■ Try it: Nothing but the text belongs in the answer: the listing below, copied exactly, without pictures.

■ Data for analysis:
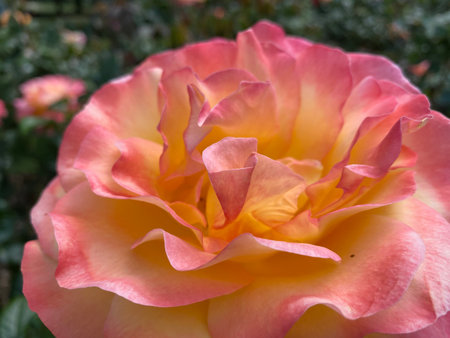 Close up of a pink and yellow rose in a garden setting.の写真素材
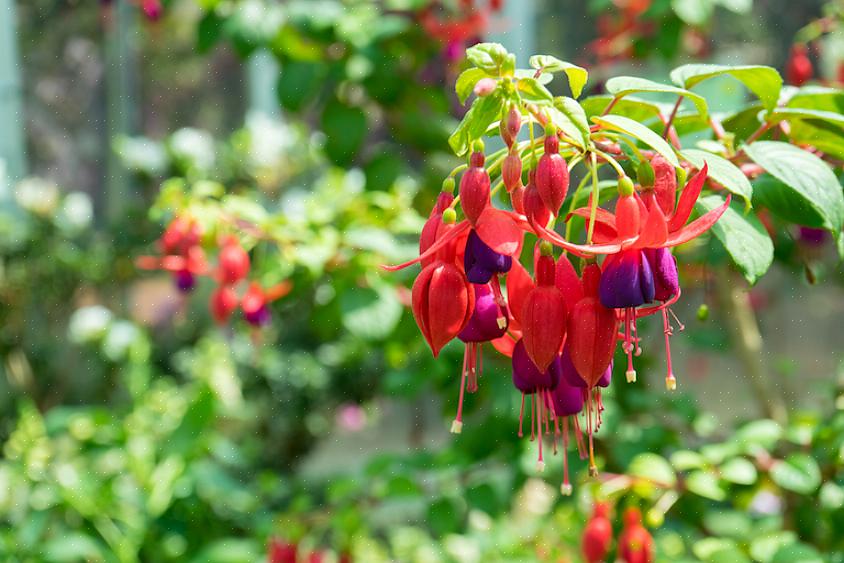 Fuchsia setter pris på sterkt lys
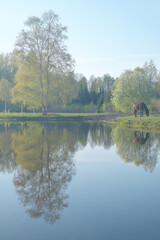 Fototapeta na wymiar Misty landscape with one horse grazing by blue pond in green pasture on calm and sunny spring day. Large birch tree growing by pond. 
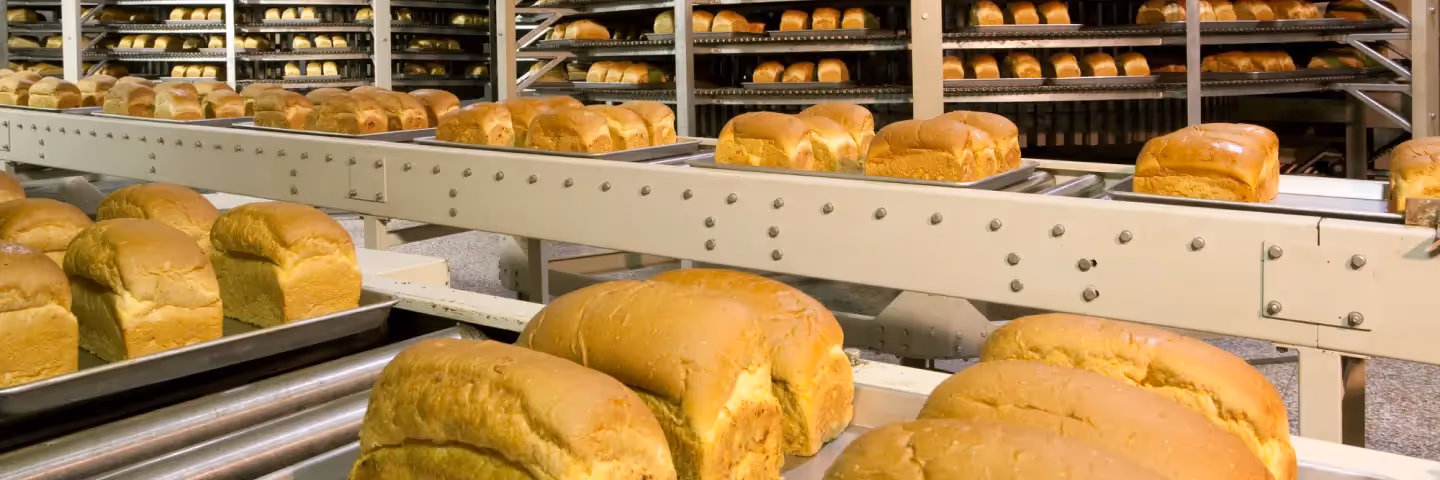Industrial bakery conveyor belt.
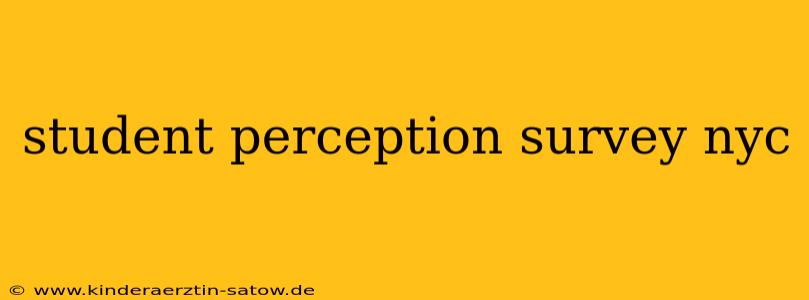 student perception survey nyc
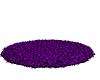 Purple Blk Fur Rug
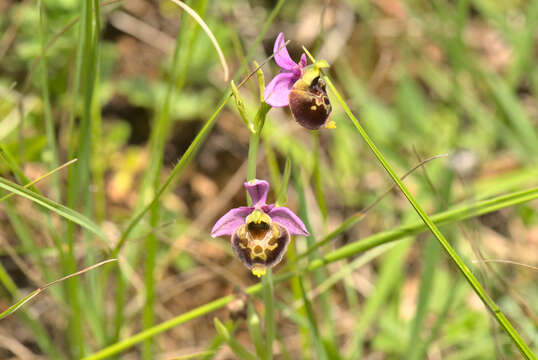 Image of late spider-orchid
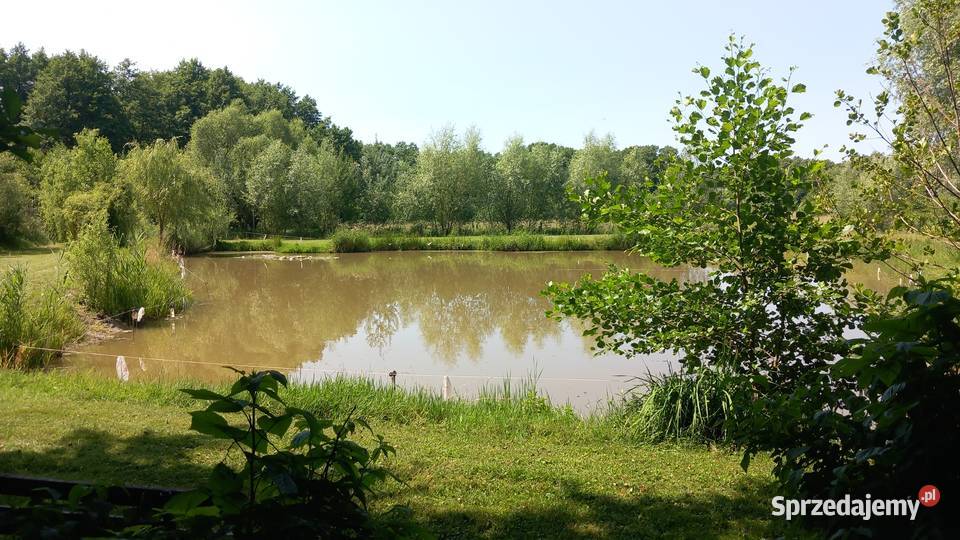 Działka lubuskie Sulechów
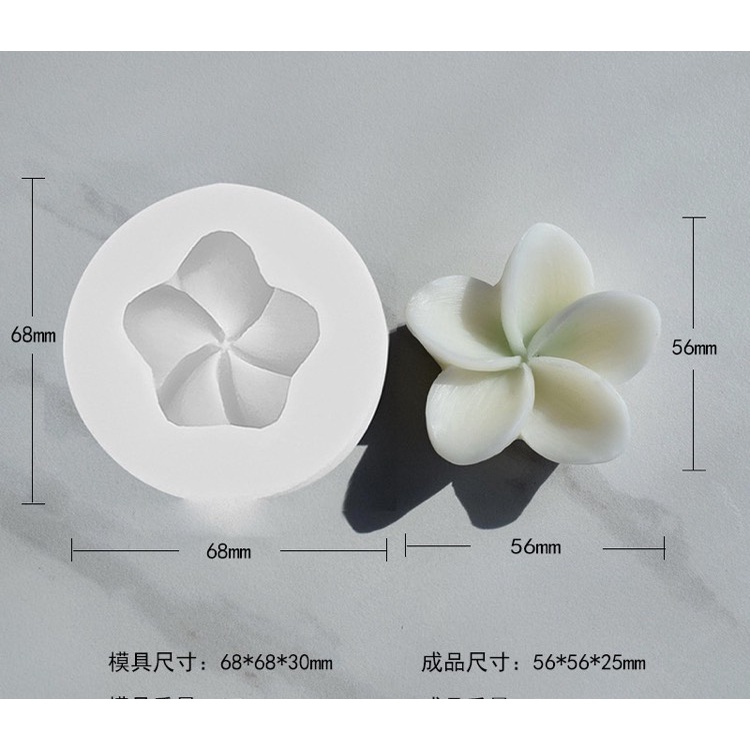 Khuôn silicon hoa sứ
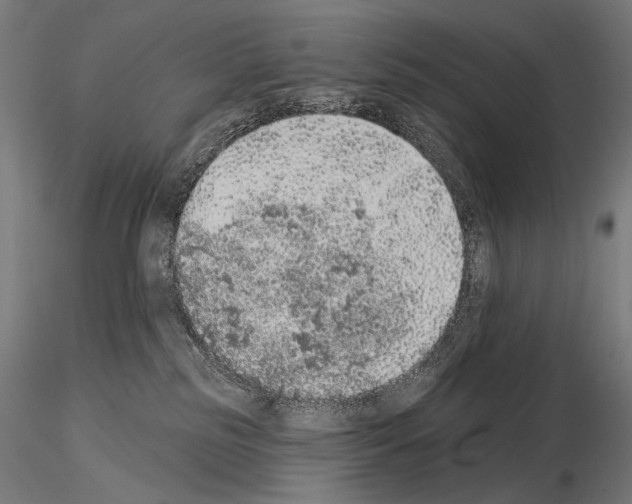 X0000115070185200912081156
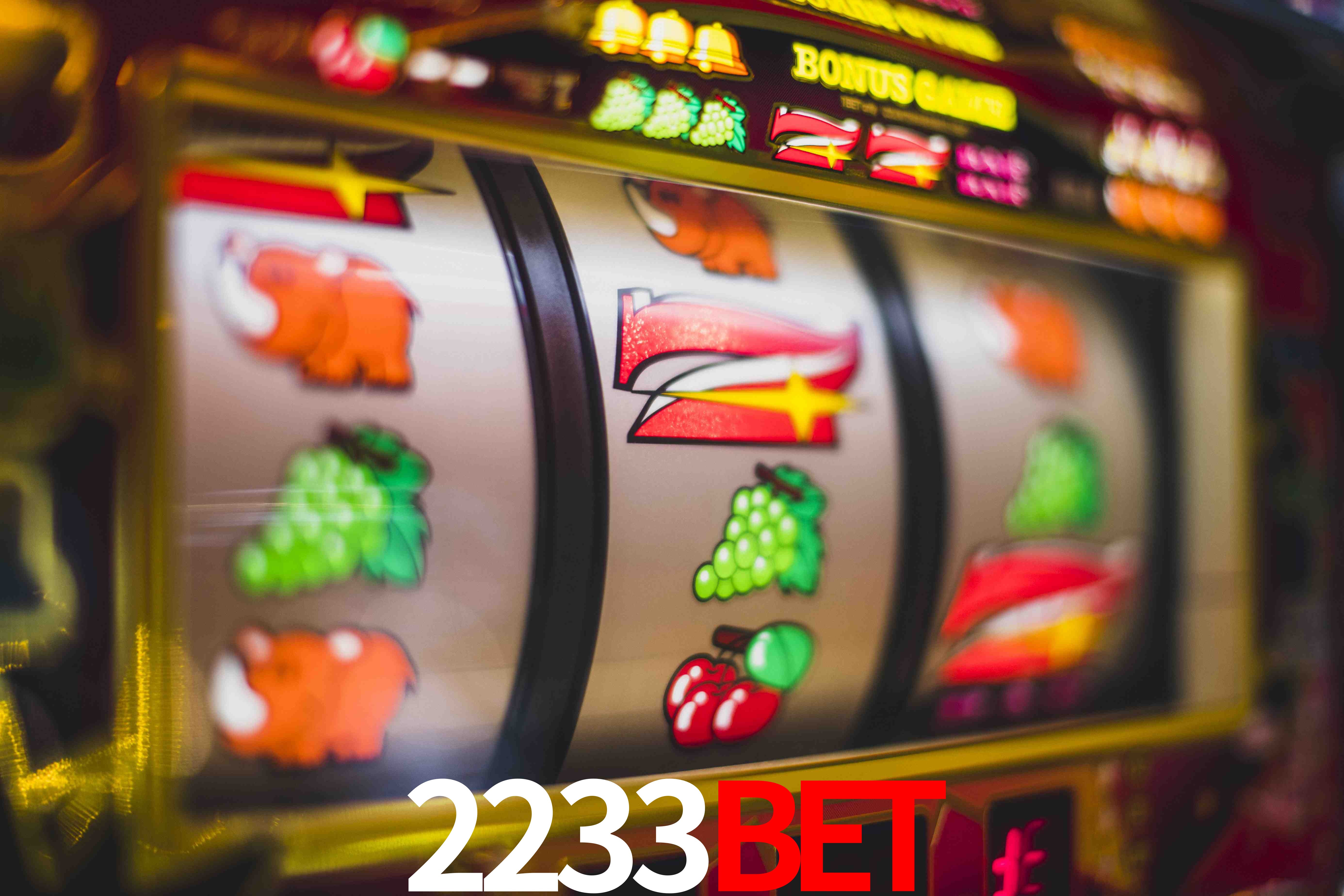 Statistics 2233bet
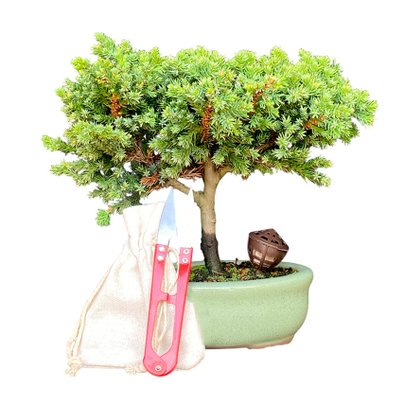 Bonsai Procumbens 2 anos - Kit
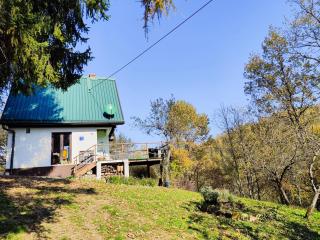 UNDER THE GREEN ROOF - - 6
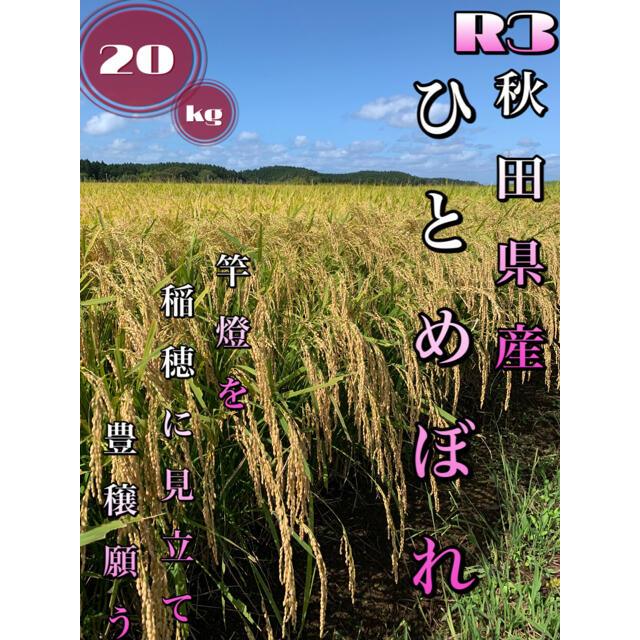 農家直送農家直送！令和3年 秋田県産【ひとめぼれ】玄米20kg 1等米 〈新米〉美味い☆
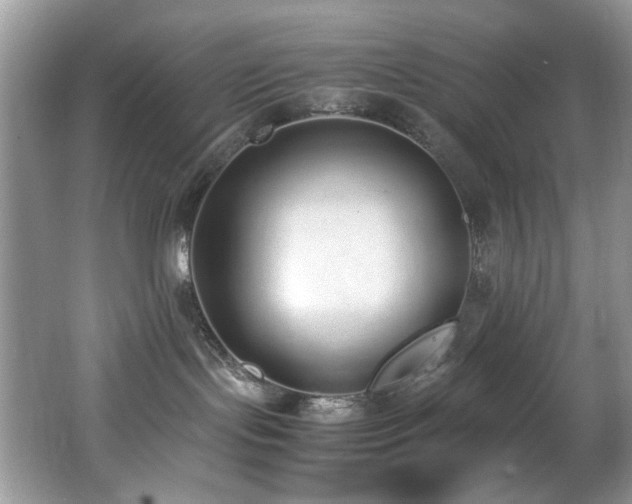 X0000062670095200512211347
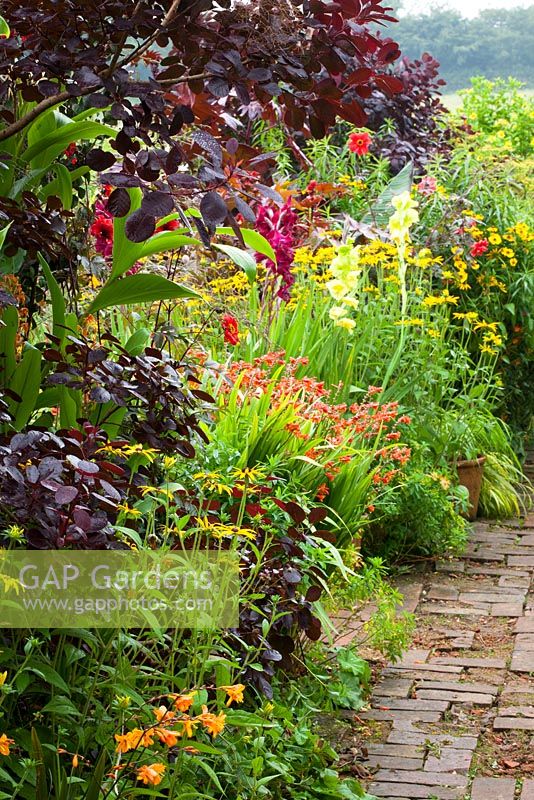 Hot borders in the brick garden at Glebe Cottage with Crocosmia, Gladiolus, Rudbeckia, Dahlias and Cotinus coggygria Purpureus Group.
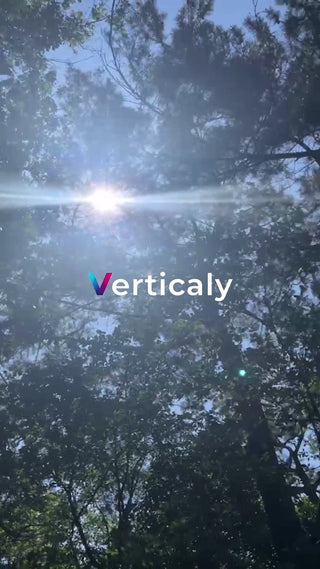 木漏れ日、青空見上げ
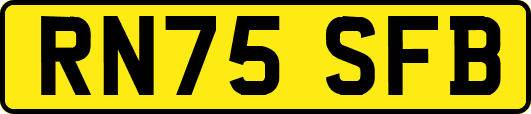 RN75SFB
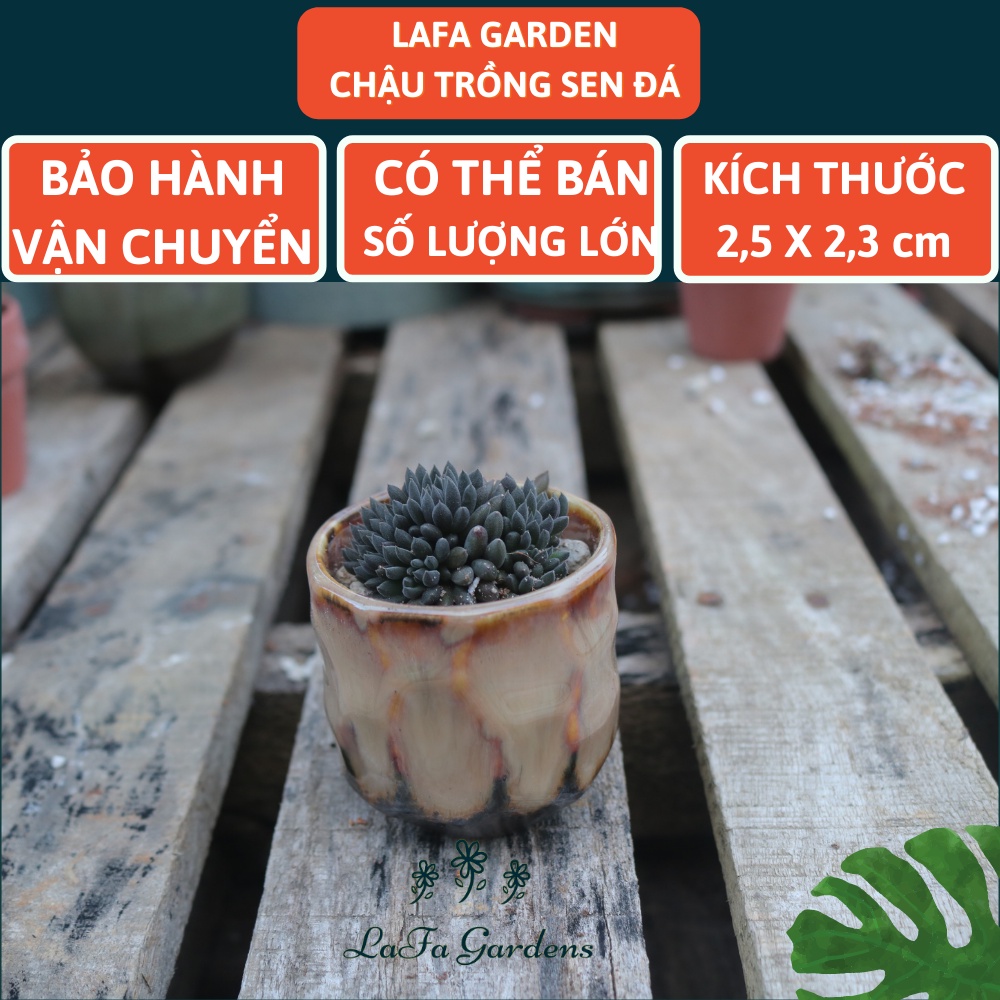 Chậu trồng sen đá đất nung 1 cái LAFA GARDEN, đặc biệt chuyên trồng cây sen đá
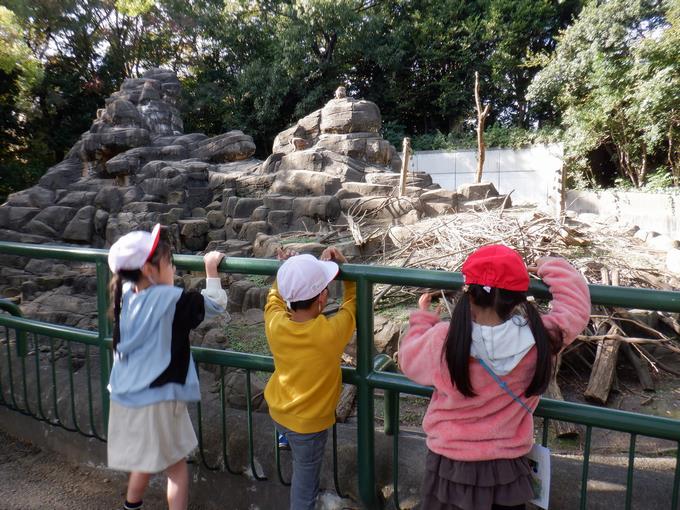 千葉市動物公園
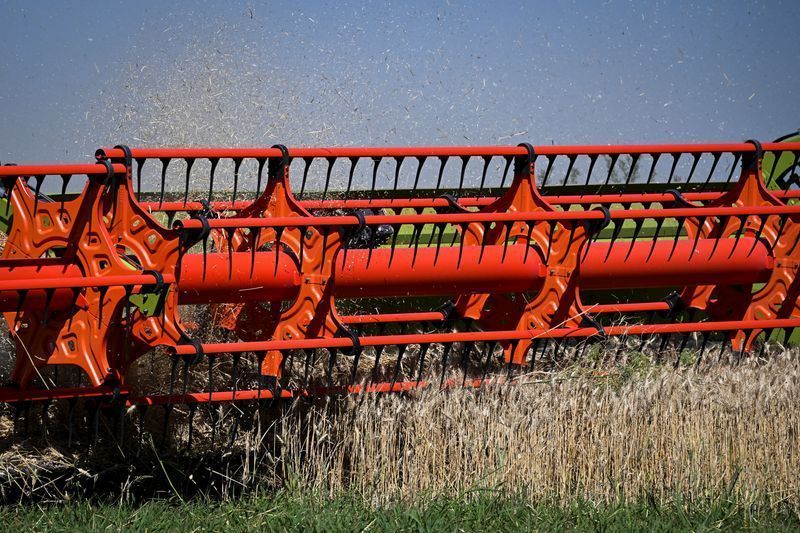 Argentina registra ritmo fraco de comercialização de trigo abaixo das projeções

■ Result:
 Close up of a pink and yellow rose in a garden setting.の写真素材
 Fuchsia setter pris på sterkt lys
 Fototapeta na wymiar Misty landscape with one horse grazing by blue pond in green pasture on calm and sunny spring day. Large birch tree growing by pond. 
Industrial bakery conveyor belt.
 student perception survey nyc
 Purple Blk Fur Rug
 Image of late spider-orchid
 Działka lubuskie Sulechów
 Khuôn silicon hoa sứ
 X0000115070185200912081156
 Statistics 2233bet
 Bonsai Procumbens 2 anos - Kit
 UNDER THE GREEN ROOF - - 6
 農家直送農家直送！令和3年 秋田県産【ひとめぼれ】玄米20kg 1等米 〈新米〉美味い☆
 X0000062670095200512211347
 Hot borders in the brick garden at Glebe Cottage with Crocosmia, Gladiolus, Rudbeckia, Dahlias and Cotinus coggygria Purpureus Group.
 木漏れ日、青空見上げ
 RN75SFB
 Chậu trồng sen đá đất nung 1 cái LAFA GARDEN, đặc biệt chuyên trồng cây sen đá
 千葉市動物公園
 Argentina registra ritmo fraco de comercialização de trigo abaixo das projeções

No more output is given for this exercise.